So here's what caught my attention. Wall Street was expecting Evergy to pull in around $1.43 billion in Q4 revenue, which would be a 58.4% jump year-over-year. Pretty solid for a power company. The earnings estimates were even more impressive - analysts were looking for $0.55 per share adjusted earnings, up 57.1% from the prior year. The company itself guided to $3.92-$4.02 for full-year 2025 adjusted earnings, which actually suggested they could beat the consensus by a penny.
But here's where it gets interesting. Evergy's track record of hitting expectations is honestly kind of spotty. They actually came in below expectations in three of the last four quarters. So even though the numbers looked good on paper, there was real uncertainty about execution.
What really stood out to me though was what CEO David Campbell said. He specifically mentioned they were "excited to share our updated growth outlook" for 2026 and beyond. That kind of language usually signals something positive brewing.
Now, the stock had already moved up pretty hard after the company filed for rate increases in Missouri, so the upside from just buying before the earnings call wasn't necessarily huge.
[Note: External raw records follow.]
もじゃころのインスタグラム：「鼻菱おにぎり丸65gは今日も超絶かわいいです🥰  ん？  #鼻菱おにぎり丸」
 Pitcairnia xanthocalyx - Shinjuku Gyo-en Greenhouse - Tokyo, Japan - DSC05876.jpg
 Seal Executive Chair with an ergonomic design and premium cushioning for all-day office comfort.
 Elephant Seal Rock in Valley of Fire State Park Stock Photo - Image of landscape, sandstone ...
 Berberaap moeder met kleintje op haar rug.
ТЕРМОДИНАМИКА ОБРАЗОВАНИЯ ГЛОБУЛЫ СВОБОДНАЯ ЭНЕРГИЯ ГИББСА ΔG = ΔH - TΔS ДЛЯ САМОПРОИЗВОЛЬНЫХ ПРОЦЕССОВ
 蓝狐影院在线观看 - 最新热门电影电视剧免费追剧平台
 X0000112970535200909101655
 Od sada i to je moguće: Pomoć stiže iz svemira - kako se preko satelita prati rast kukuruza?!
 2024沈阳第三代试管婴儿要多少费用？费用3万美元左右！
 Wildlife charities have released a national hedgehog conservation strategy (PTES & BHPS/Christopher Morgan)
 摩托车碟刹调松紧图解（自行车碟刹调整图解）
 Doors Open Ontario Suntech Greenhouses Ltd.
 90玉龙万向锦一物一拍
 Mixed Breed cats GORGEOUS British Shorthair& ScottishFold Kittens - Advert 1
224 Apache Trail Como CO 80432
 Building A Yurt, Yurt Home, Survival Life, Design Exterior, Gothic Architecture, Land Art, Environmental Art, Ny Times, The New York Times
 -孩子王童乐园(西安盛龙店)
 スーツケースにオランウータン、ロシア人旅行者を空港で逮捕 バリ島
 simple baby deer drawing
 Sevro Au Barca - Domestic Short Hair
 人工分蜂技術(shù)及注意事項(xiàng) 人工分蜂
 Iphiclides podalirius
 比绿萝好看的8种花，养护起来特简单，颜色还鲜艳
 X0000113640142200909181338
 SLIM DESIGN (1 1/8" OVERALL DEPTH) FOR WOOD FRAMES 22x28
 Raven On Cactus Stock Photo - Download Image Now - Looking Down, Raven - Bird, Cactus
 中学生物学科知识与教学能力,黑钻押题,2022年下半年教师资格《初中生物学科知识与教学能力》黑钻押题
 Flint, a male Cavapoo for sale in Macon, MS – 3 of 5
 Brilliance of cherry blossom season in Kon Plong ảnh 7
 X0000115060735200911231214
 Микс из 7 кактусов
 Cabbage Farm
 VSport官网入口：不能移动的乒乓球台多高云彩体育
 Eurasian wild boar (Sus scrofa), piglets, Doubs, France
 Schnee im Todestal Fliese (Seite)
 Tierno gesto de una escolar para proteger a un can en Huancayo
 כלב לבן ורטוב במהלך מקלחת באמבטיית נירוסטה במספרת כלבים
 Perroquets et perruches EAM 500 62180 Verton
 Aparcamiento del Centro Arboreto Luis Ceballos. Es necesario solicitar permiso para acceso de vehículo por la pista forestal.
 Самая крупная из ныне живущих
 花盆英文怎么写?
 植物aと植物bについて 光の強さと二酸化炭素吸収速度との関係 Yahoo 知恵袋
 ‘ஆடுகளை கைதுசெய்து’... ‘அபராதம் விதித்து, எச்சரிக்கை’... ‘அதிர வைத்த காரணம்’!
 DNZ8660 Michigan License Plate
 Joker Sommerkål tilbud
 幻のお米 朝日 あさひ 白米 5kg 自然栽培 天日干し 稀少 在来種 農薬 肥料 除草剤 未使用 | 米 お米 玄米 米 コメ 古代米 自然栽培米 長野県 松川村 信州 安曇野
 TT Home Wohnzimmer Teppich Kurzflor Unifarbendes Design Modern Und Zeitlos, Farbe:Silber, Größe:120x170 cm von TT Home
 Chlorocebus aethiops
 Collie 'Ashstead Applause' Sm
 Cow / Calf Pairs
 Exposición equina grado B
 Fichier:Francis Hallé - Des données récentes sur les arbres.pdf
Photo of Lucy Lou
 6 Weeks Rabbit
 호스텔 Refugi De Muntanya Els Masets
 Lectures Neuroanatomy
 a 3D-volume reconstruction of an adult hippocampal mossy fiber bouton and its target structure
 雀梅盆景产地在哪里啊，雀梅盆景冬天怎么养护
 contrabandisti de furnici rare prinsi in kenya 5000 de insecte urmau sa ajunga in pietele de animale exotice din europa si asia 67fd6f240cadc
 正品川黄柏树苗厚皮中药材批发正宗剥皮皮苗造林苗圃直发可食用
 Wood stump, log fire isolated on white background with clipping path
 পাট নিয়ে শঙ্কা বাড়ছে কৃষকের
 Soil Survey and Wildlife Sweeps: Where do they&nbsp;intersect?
The consensus price target was only about 2% higher than where it was trading.
My take? If you're looking at Evergy as a stock to hold long-term for dividends and steady growth from data center demand, the timing of when you buy probably matters less than people think. Whether you grab it before or after the quarterly update, you're investing in a company with real tailwinds from infrastructure buildout. That's the kind of stock that rewards patience more than perfect timing.